Beta-Leser oder Test-Leserinnen sind die erste Stufe der Öffentlichkeit für ein Manuskript. Bis zu dem Zeitpunkt, an dem sie mit dem Lesen beginnen, gab es nur uns und das Manuskript. Alle Probleme und alle Entwicklungen waren privat. Nun dürfen fremde Augen das Manuskript lesen, und hinter diesen Augen bildet sich eine fremde Meinung über den Text. Diese Meinung ist wichtig für die weitere Entwicklung des Texts. Damit der Einsatz von Testleser*innen möglichst effektiv verläuft, sollten wir ihn gut vorbereiten.
Beta-Leser und Test-Leserinnen opfern ihre Zeit
Wir müssen uns klar vor Augen führen, was wir unseren Bekannten abverlangen, wenn wir sie als Beta-Leser und Test-Leserinnen heranziehen. Wir verschenken kein Buch, wir legen ihnen ein bestenfalls halbgares Manuskript vor. Darin stecken Rechtschreibfehler, zerhackte Sätze, inhaltliche Ungenauigkeiten, schlecht herausgearbeitete Ideen, unterentwickelte Charaktere und wahrscheinlich noch viel Schlimmeres. Vor den Test-Leser*innen liegt keine genüssliche Lektüre, sondern eine Auseinandersetzung mit einem Text, der noch ein Buch werden möchte.
Das müssen die Test-Leser*innen verstehen. Aber wir müssen es auch verstehen, denn wir verlangen, dass diese Leute ihre Freizeit opfern und uns schonend beibringen, was wir noch unbedingt verbessern müssen, ehe eine Veröffentlichung überhaupt ins Auge gefasst werden kann.
Es ist unsere Aufgabe, die Test-Leserinnen zu unterstützen.
- Wir müssen ihnen erklären, was genau wir eigentlich erwarten. Ein kleiner Leitfaden mit Hinweisen, worauf die Beta-Leser und Test-Leserinnen achten sollten, kann hilfreich sein. Gleichzeitig ist es nur fair darauf hinzuweisen, dass die Entscheidung, welche Vorschläge übernommen werden, allein bei uns liegt.

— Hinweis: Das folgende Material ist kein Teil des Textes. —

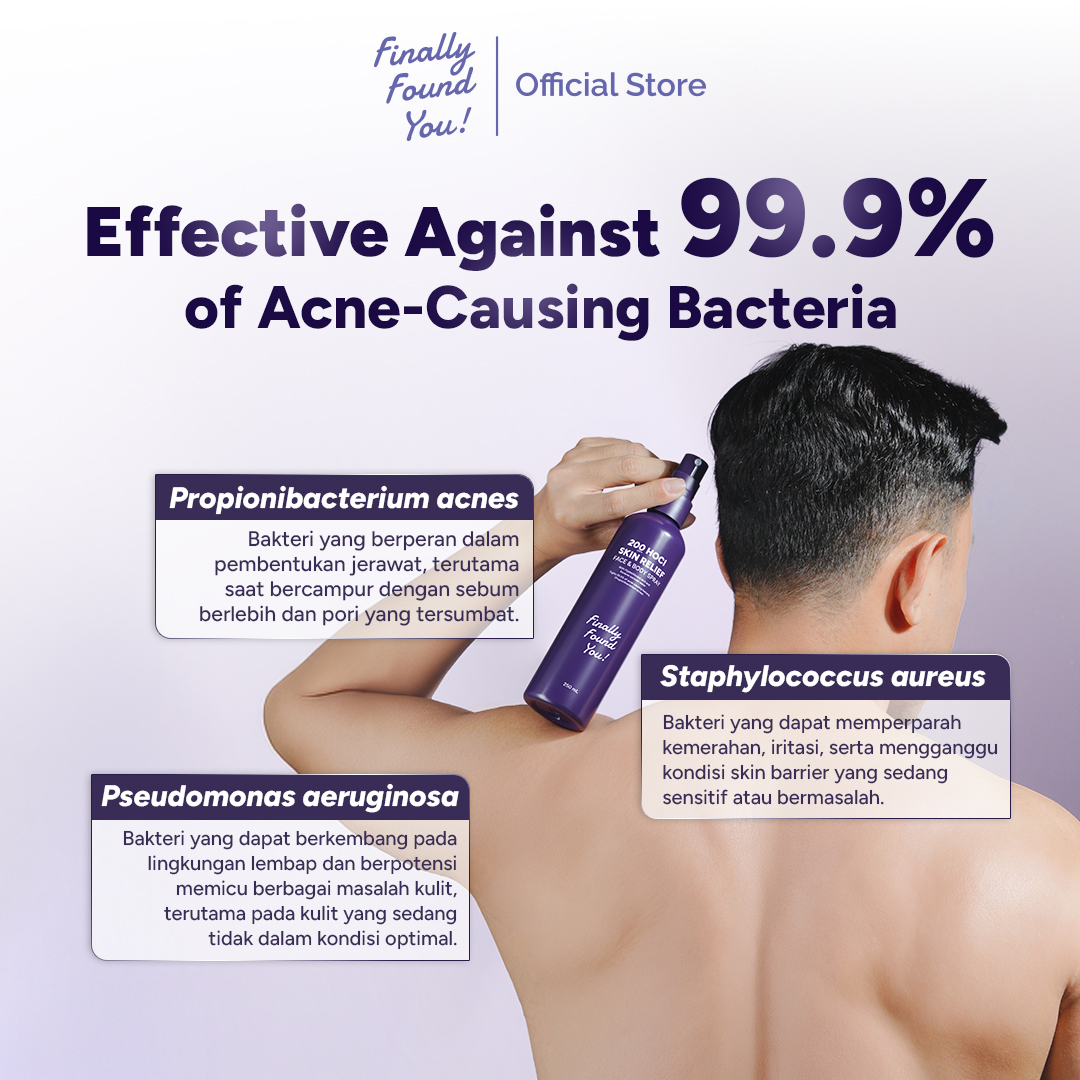 Finally Found You! 200 ppm HOCl Skin Relief Face & Body Spray 250mL | Spray untuk Menenangkan Kulit Berjerawat, Kemerahan, dan Iritasi pada Wajah & Badan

- Dieses zusätzliche Lesen und Überlegen braucht Zeit. Deshalb sollten wir mit jeder Person absprechen, wie viel Zeit sie erübrigen kann. Die Zeit bis zum Feedback sollte großzügig bemessen sein. Das hält uns nur auf den ersten Blick von weiterer Arbeit ab. Während der Text gelesen wird, reift er auch in unserem Kopf. Wir gewinnen Distanz und können uns offener mit den Anmerkungen auseinandersetzen.
- Arbeit braucht Lohn, besonders wenn die Test-Leser*innen ihre Freizeit opfern. Wir müssen bereit sein, eine Gegenleistung zu erbringen.
Nach dem Test-Lesen
Nach dem Test-Lesen müssen wir uns eine Übersicht über die Anmerkungen und geäußerten Meinungen verschaffen, indem wir alle Informationen zusammenführen. Auch dafür sollten wir ausreichend Zeit veranschlagen. Danach können wir mit der Auswertung beginnen.
- Wenn sich Anmerkungen zu einem Teil der Handlung oder einem Charakter häufen, ist das ein Hinweis auf Schwächen im Manuskript.
- Auch ein einzelner Hinweis kann auf Schwächen oder Entwicklungspotentiale hinweisen und sollte ernst genommen werden.
- Lösungsvorschläge der Beta-Leser und Test-Leser*innen sollten wir nicht ablehnen. Aber wir sind diejenigen, die den Überblick über das ganze Manuskript haben. Wir müssen eigene Lösungen für Probleme mit dem Manuskript finden und dabei den gesamten Text in allen Aspekten berücksichtigen.
- Der Kontakt des Manuskripts mit fremden Augen und unser Austausch mit den ersten Leser*innen verändert sofort uns und unsere Wahrnehmung des Texts. Wir werden kritischer, was positiv ist. Möglicherweise fühlen wir uns aber auch missverstanden oder von der weiteren Überarbeitung überfordert. Dann sollten wir eine Bestandsaufnahme des Manuskripts machen und versuchen, kleinere Arbeitsaufträge zu formulieren. Diese Aufträge an uns arbeiten wir dann nacheinander ab.